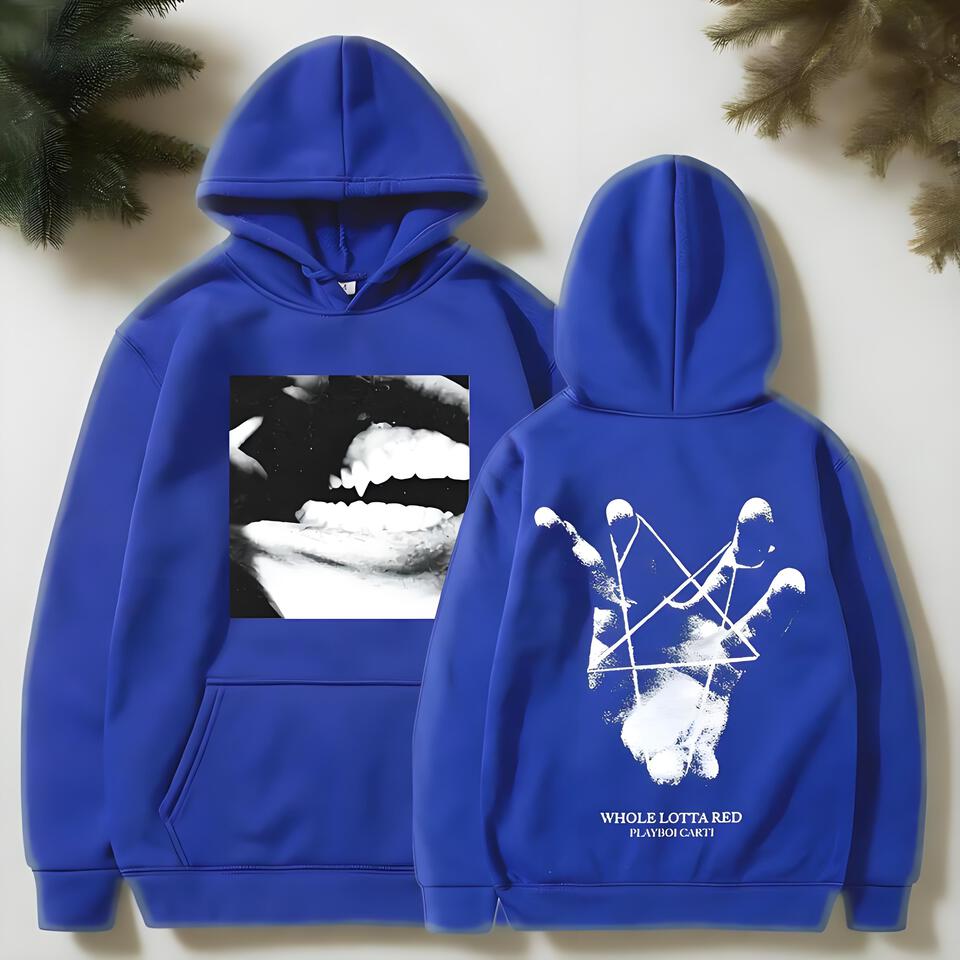 Playboi Carti Red Hoodie Streetwear Unisex Cotton Sweatshirt Print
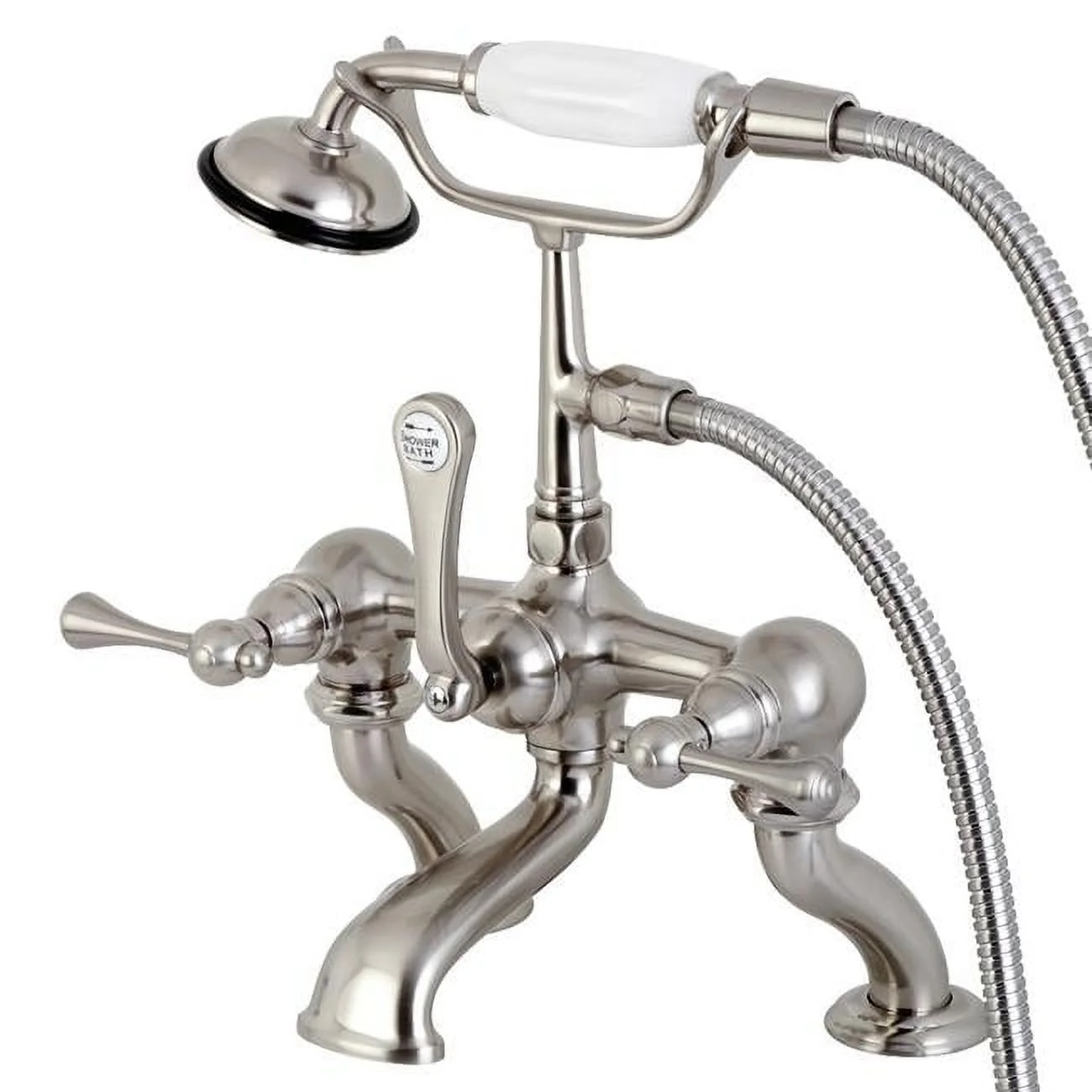 6.5 in. Clawfoot Tub Faucet with Hand Shower, Brushed Nickel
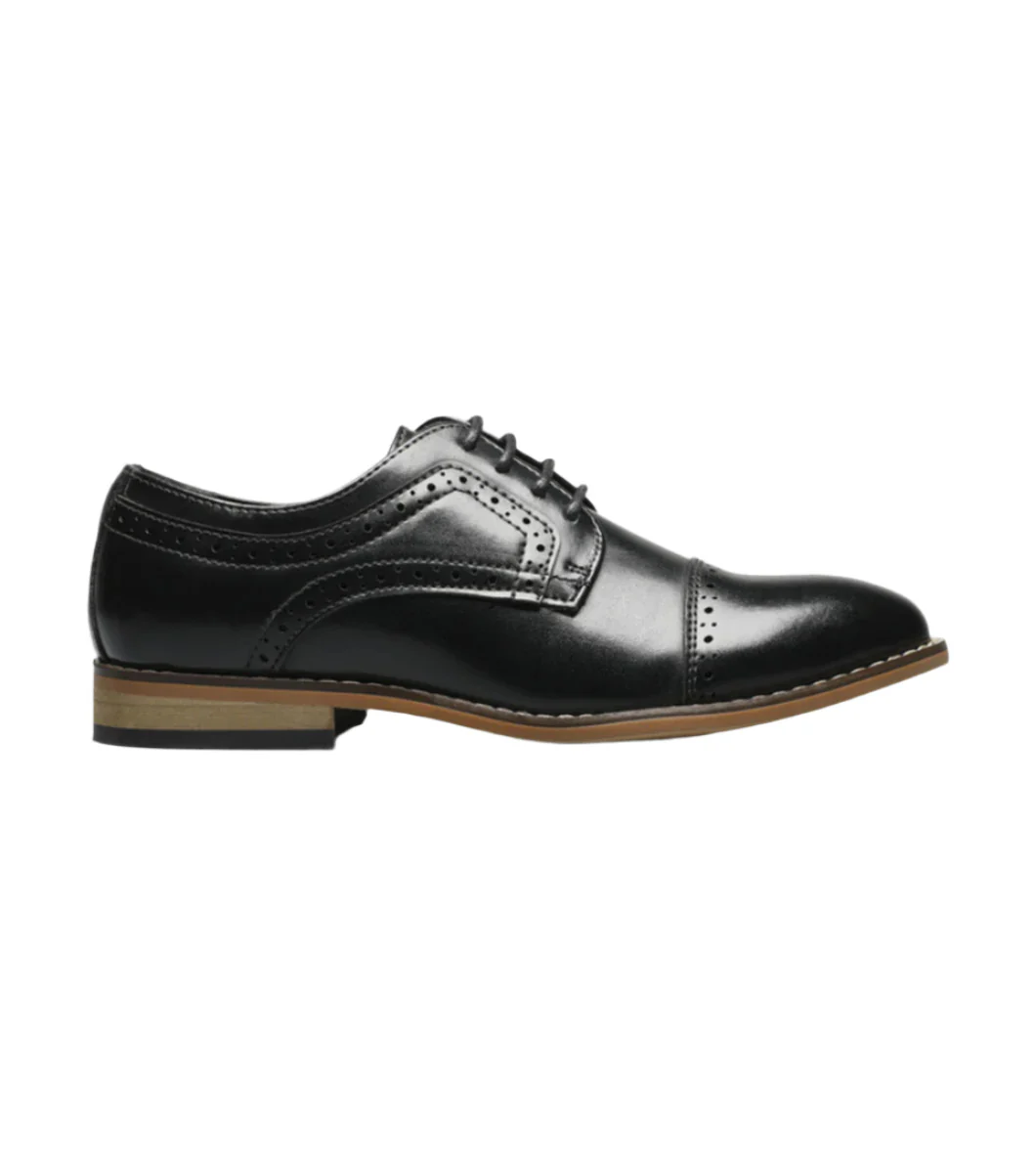 Stacy Adams Kid's Dickinson Cap Toe Oxford Dress Shoes- Black - Image 2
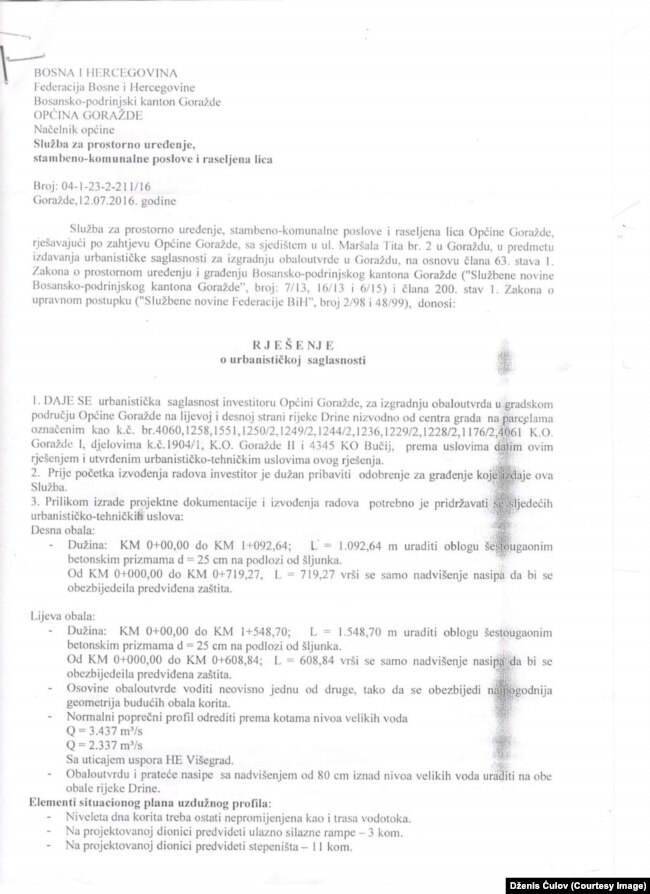 Rješenje Općine Goražde iz 2016. godine o urbanističkoj saglasnosti za izgradnju obaloutvrda na lijevoj i desnoj obali rijeke Drine.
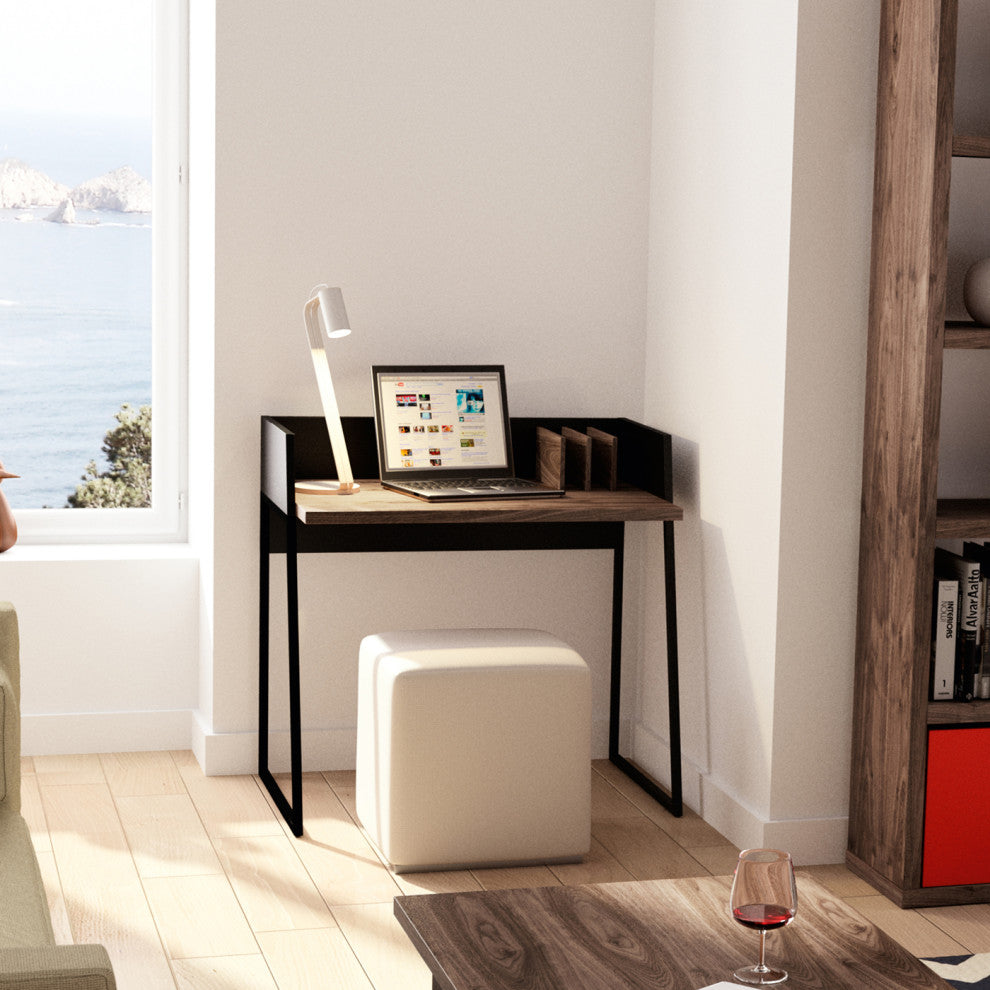 Modern Small Home Office Laptop Table Desk, Walnut/Black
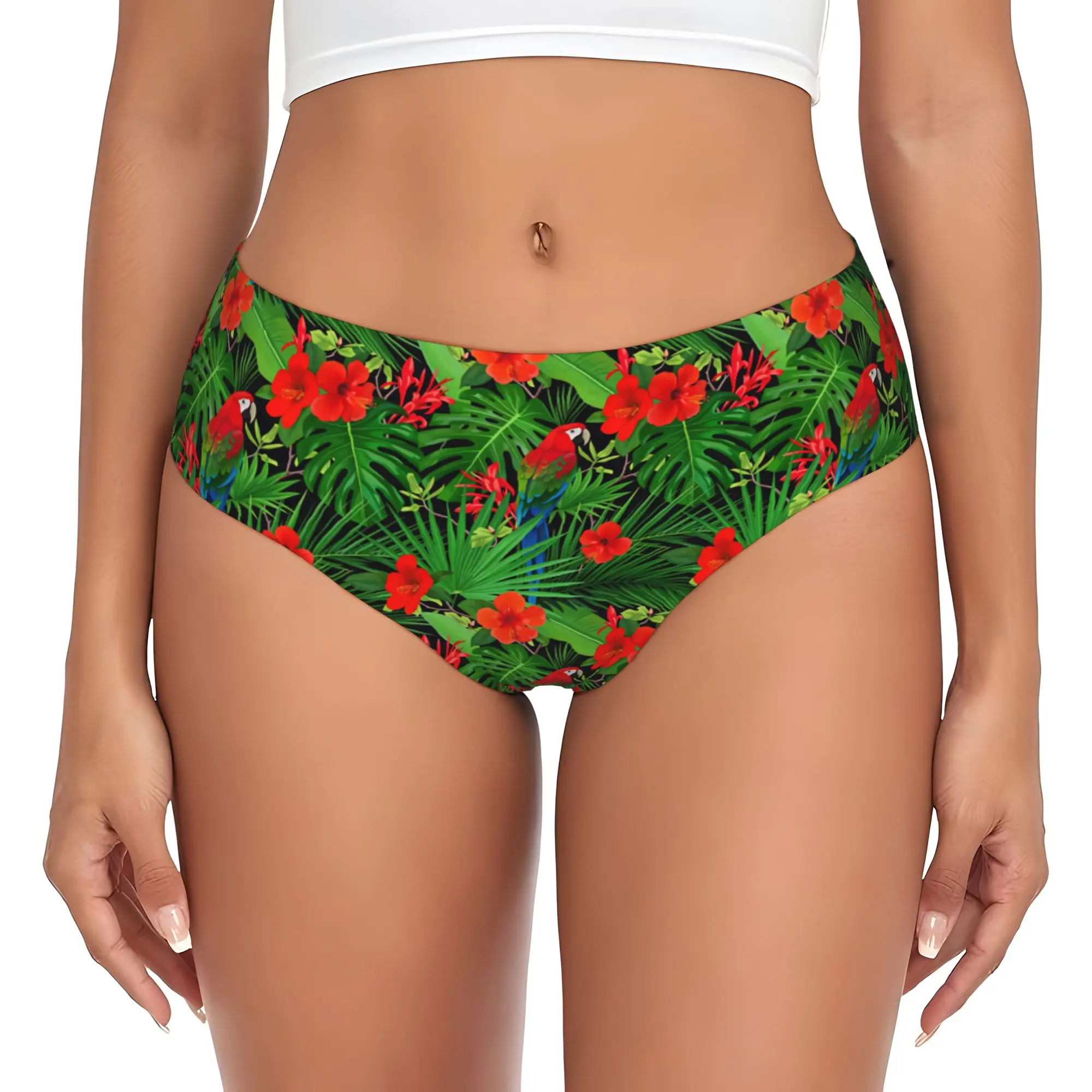 Womens Hawaiian Style Parrot Tropical Seamless Pattern Brief Panties Female Soft  Underwear Underpants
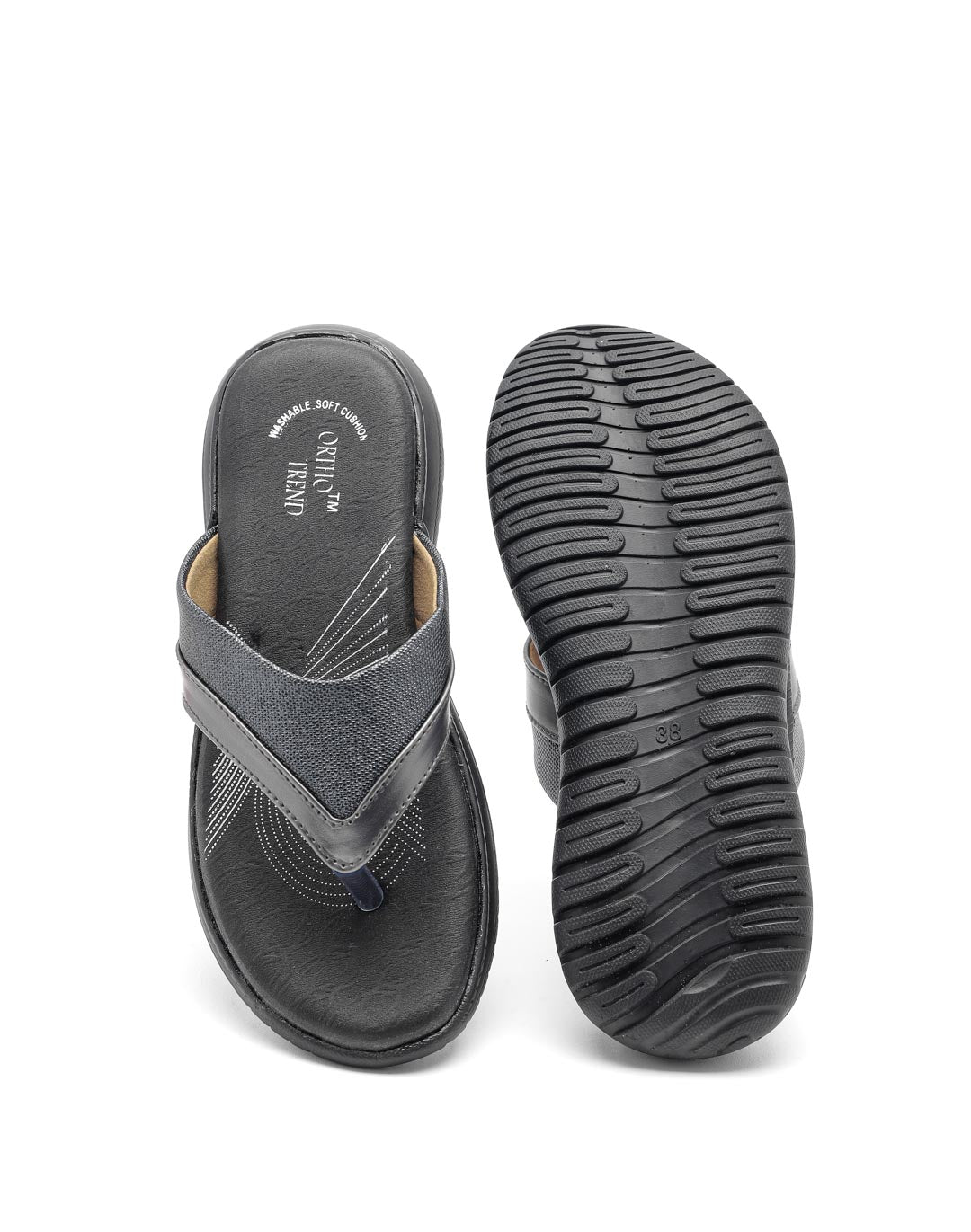 Ortho Trend Soft Open-Toe Comfort Slipper Antique, Pink and Gray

● ● ● ●

YOUR OBJECTIVE: I would like an exact copy of the lines from the one holding "6.5 in. Clawfoot" through the last line of the entries above, with the pictures left out.

OUTPUT:
 6.5 in. Clawfoot Tub Faucet with Hand Shower, Brushed Nickel
 Stacy Adams Kid's Dickinson Cap Toe Oxford Dress Shoes- Black - Image 2
 Rješenje Općine Goražde iz 2016. godine o urbanističkoj saglasnosti za izgradnju obaloutvrda na lijevoj i desnoj obali rijeke Drine.
 Modern Small Home Office Laptop Table Desk, Walnut/Black
 Womens Hawaiian Style Parrot Tropical Seamless Pattern Brief Panties Female Soft  Underwear Underpants
 Ortho Trend Soft Open-Toe Comfort Slipper Antique, Pink and Gray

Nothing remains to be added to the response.